Yes, path indeed is an important property when processing the received parsing/validation issues and the issue contract should not be changed. 👍 But I’m not talking about issue paths. I’m talking about refinement context path property that is not officially document (or at least I didn’t find any references to it) but still accessible through superRefine, e.g.

import { z } from "zod";

const notTsers = z.string().superRefine((s, ctx) => {
  console.log("ctx.path", ctx.path);     // <<< this 
  if (s === "tsers") {
    ctx.addIssue({
      code: z.ZodIssueCode.custom,
      message: "can't be 'tsers'"
    });
  }
});

const person = z.object({
  name: z.object({
    first: notTsers,
    last: notTsers
  })
});

console.log(
  "result",
  person.safeParse({ name: { first: "matti", last: "tsers" } })
);

If you run the snippet, you can see that the ctx.path prints ['name', 'first'] and ['name', 'last'] to the console. However, the parse issue (from safeParse) includes the same path although I don’t explicitly set it to the added issue.

My question is: how important the read-only access to the ctx.path during the superRefine callback execution is, and could that be removed? That is the only functionality in the public API contract that forces the path to be created prematurely and preventing the performance optimizations I presented earlier. Removing the ctx.path doesn’t affect the issues returned from safeParse, they’ll continue to include the path like before.

Recently migrated from ajv to zod then to myzod, so there is no baseline for me to compare between zod versions. Just compared between zod & myzod and zod overall making my task to take around 50% to 80% more time to complete. As the task itself has lot’s mini validations individually it won’t look much but they add up by the time task completes.
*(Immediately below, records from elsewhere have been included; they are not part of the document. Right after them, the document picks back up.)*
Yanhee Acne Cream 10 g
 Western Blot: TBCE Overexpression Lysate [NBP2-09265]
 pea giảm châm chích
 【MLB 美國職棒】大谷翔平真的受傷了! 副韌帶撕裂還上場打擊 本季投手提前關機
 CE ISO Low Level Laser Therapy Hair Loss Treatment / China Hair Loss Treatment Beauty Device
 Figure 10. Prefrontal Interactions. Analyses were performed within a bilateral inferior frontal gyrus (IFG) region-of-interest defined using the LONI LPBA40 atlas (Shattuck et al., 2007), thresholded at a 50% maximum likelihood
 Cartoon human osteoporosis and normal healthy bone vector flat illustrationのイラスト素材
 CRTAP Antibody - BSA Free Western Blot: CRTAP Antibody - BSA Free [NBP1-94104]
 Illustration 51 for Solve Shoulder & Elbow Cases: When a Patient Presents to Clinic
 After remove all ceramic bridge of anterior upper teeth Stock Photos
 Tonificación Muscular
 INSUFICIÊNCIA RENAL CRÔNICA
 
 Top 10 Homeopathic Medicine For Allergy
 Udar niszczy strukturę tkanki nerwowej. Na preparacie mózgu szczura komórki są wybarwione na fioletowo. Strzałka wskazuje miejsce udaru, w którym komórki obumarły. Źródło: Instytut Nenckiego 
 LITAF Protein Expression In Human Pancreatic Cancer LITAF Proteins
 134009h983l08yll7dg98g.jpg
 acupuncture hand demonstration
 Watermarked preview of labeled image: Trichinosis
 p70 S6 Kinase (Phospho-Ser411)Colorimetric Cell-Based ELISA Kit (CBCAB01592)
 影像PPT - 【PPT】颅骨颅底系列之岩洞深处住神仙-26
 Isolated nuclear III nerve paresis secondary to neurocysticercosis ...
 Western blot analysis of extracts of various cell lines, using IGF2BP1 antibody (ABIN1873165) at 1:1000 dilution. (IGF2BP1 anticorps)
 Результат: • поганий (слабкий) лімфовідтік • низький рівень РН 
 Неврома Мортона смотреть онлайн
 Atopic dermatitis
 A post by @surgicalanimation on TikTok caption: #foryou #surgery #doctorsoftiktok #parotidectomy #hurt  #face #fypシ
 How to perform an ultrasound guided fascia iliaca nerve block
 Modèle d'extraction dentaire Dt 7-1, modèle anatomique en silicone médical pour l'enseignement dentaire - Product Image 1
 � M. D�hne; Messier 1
I also suspect there could be some GC pressure too.

Oh wow a toggle for no clone mode would be incredible! Literally best of both worlds depending on scenario…

the only places are issues that are returned to the user

Now that I looked the codebase again, it seems that the path is actually needed in the refinement context and that might be the reason why I left the implementation as it is… 😬

The .path property is not documented in the README or in the error handling documents at all, so how big deal it would be to remove it? Technically it’s a breaking change but not to the official documented feature… 😇

Not stale. Re-opening due to importance of performance.

This issue has been automatically marked as stale because it has not had recent activity. It will be closed if no further activity occurs. Thank you for your contributions.

@tmcw that is extremely cool!

@tmcw

Incredible work and thanks so much for digging in! I’ll spend some time tomorrow and this weekend trying to think through any implications that need to be addressed.

The point about switching our target is an important one: we have mostly treated compatibility as a best-effort thing, but this would be a bit of a line in the sand. I am not involved in enough open source projects of this size to have a good feel for the general approach the community usually takes here, but I feel like that might warrant a major bump?